Amerotke nunca dejaba de sorprenderse al comprobar lo rápido que desaparecía el caos y se restablecía el orden. Varios destacamentos de carros de guerra salieron del campamento para asegurarse de que el enemigo no lanzara un ataque por sorpresa. Los furrieles se encargaron de llenar las cubas con el agua del oasis mientras los soldados abrían unos cuantos canales para traer agua desde el Nilo. Se encendieron las fogatas, se distribuyeron las raciones y unos cuantos grupos de soldados salieron para ir hasta las aldeas más próximas con objeto de requisar todo aquello que podía necesitar el ejército.

Un par de soldados se ocuparon de levantar la pequeña tienda de Amerotke dentro del enclave real. La tienda consistía en cuatro postes clavados en el suelo y cubiertos con telas para resguardarlo del frío de la noche. Fue a buscar su ración y la comió como todos los demás, sentado en el suelo con las piernas cruzadas. Después de comer, se lavó, se puso ropa limpia y se arrodilló delante del pequeño camarín de Maat que había traído. Fuera de la tienda comenzaban a disminuir los ruidos a medida que se hacía noche cerrada, aunque seguían escuchándose el trajín de los armeros, los relinchos de los caballos, los gritos de los oficiales impartiendo órdenes y el incesante murmullo de los soldados reunidos alrededor de las fogatas. Amerotke apagó la lámpara y abandonó el enclave real.

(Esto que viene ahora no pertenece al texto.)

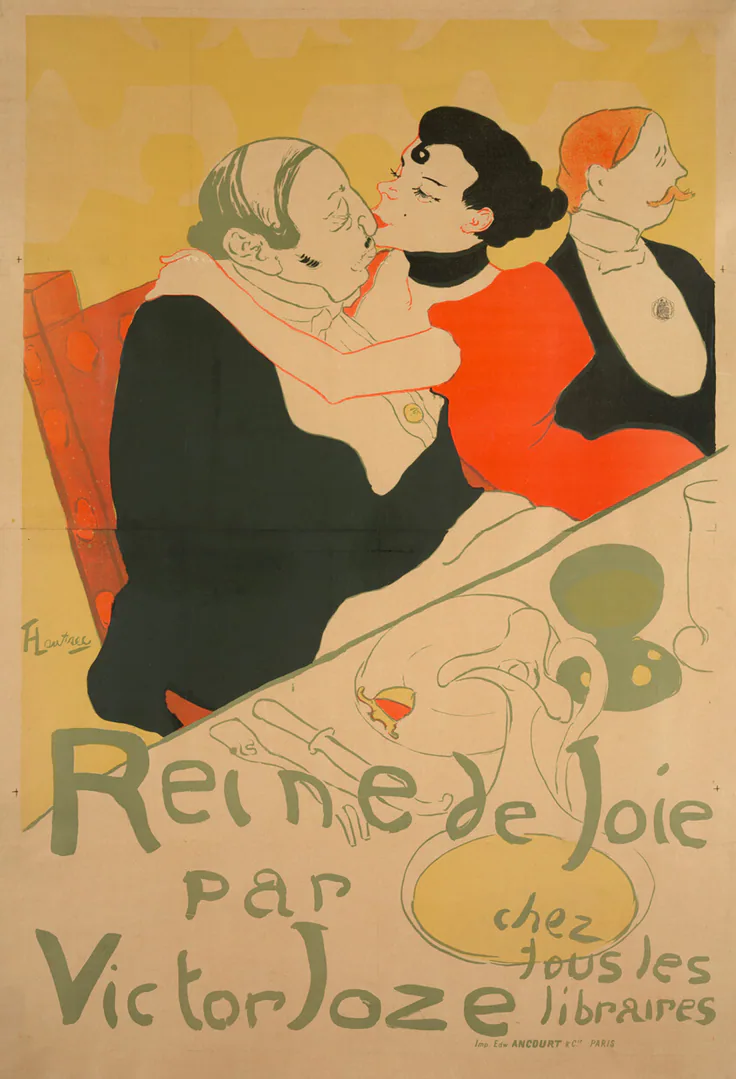 Reine de Joie: color lithograph on tan wove paper by Henri de Toulouse-Lautrec, 1892.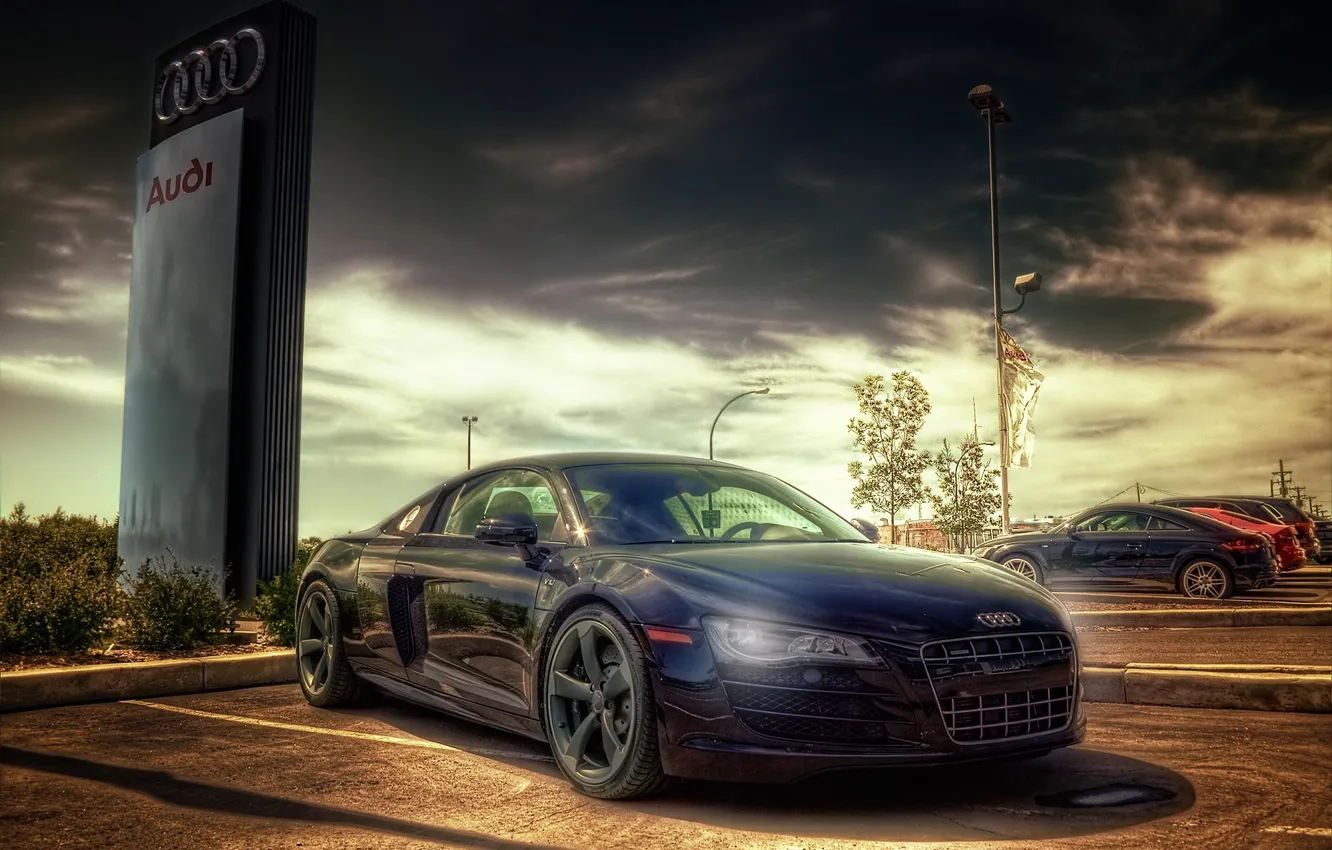 Photo wallpaper the sky, audi, HDR, black, Parking, the dealership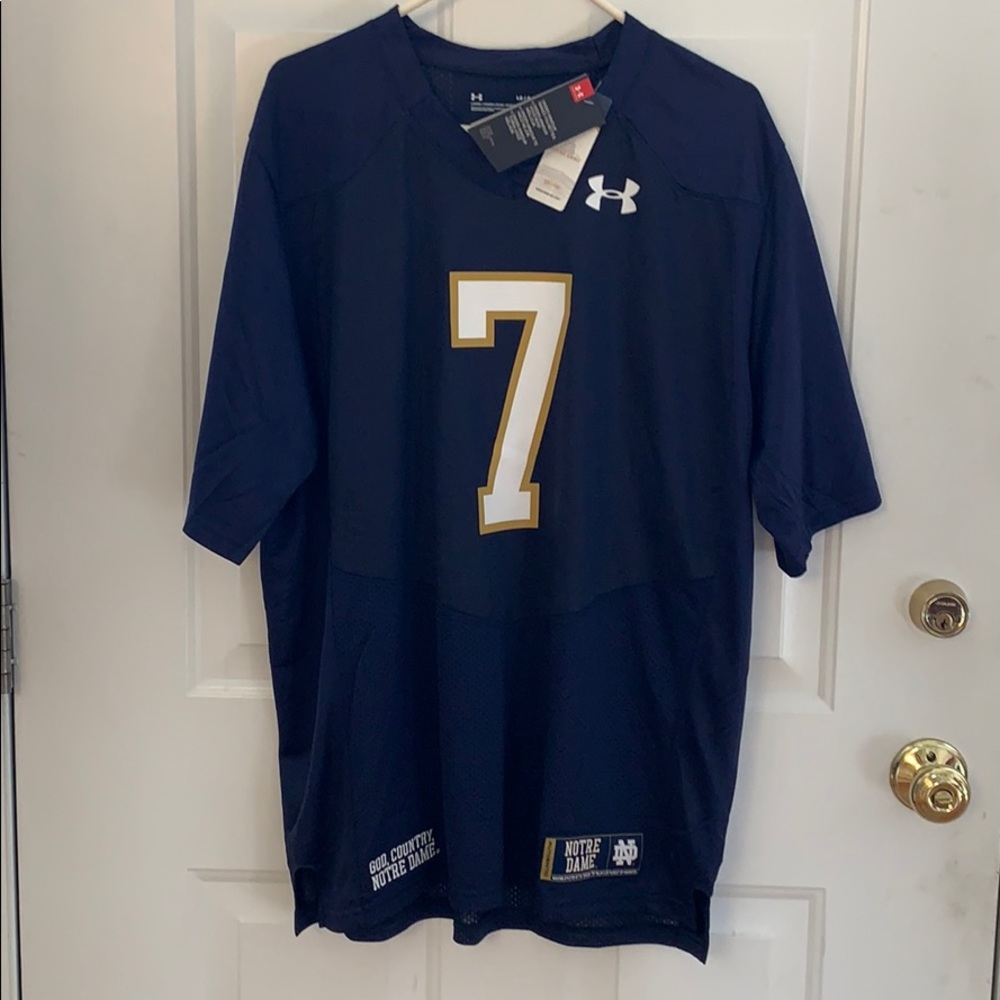 Under Armor Notre Dame #7 Navy Football Jersey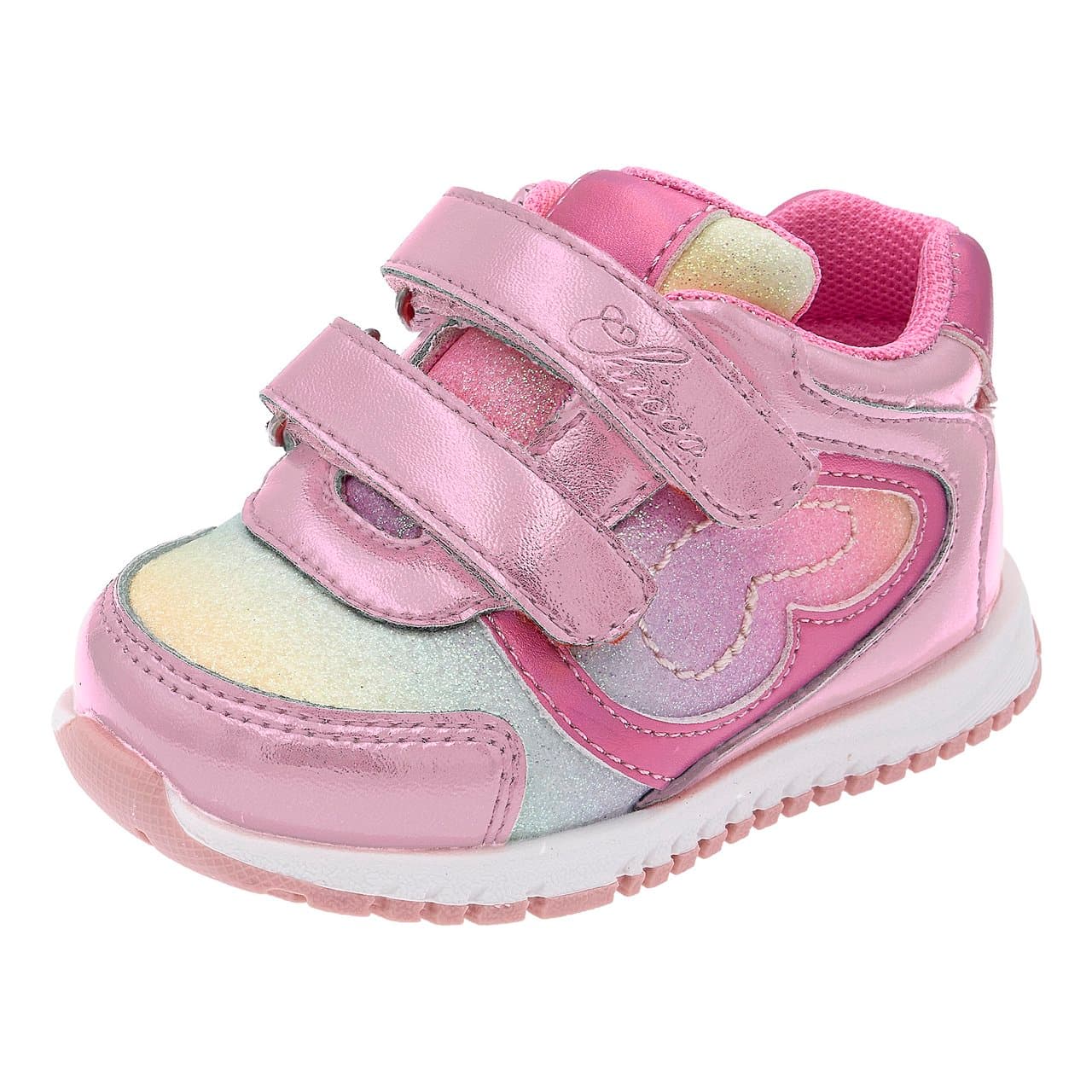 Sneakers Bambina Golosa | Chicco Sneakers bambina Chicco Golosa rosa in materiale laminato con glitter multicolore e cuori, chiusura a doppio strappo e suola flessibile. | Chicco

Primero fue a ver a su escuadrón de carros. El oficial de guardia le aseguró que los caballos estaban bien atendidos y dispuestos para la batalla al primer aviso. Después fue a sentarse junto a una palmera. Unos pocos pasos más allá, un médico limpiaba los cortes y las heridas de los soldados, y distribuía pequeños potes entre aquellos soldados que se quejaban de las llagas que tenían en los pies como consecuencia de la larga y apresurada marcha. En algún lugar, alguien comenzó a tocar una flauta. Por todas partes rondaba la variopinta multitud que seguía al ejército: prostitutas, alcahuetes, vendedores. Algunos llevaban con ellos desde Tebas; otros se habían sumado a lo largo del camino. Los toques de trompeta marcaban las horas. En los batallones comenzaban los preparativos para los sacrificios del alma. Las sombras entraban y salían del campamento: amantes, masculinos y femeninos, en busca de algún rincón tranquilo donde yacer en un abrazo ardiente, olvidarse de las penurias del día y de las amenazas que traería el mañana. Los heraldos recorrían el campamento para comunicar las órdenes de marcha y las nuevas instrucciones mientras los herreros se ocupaban de reparar las ruedas de los carros. El trajín de los exploradores era constante.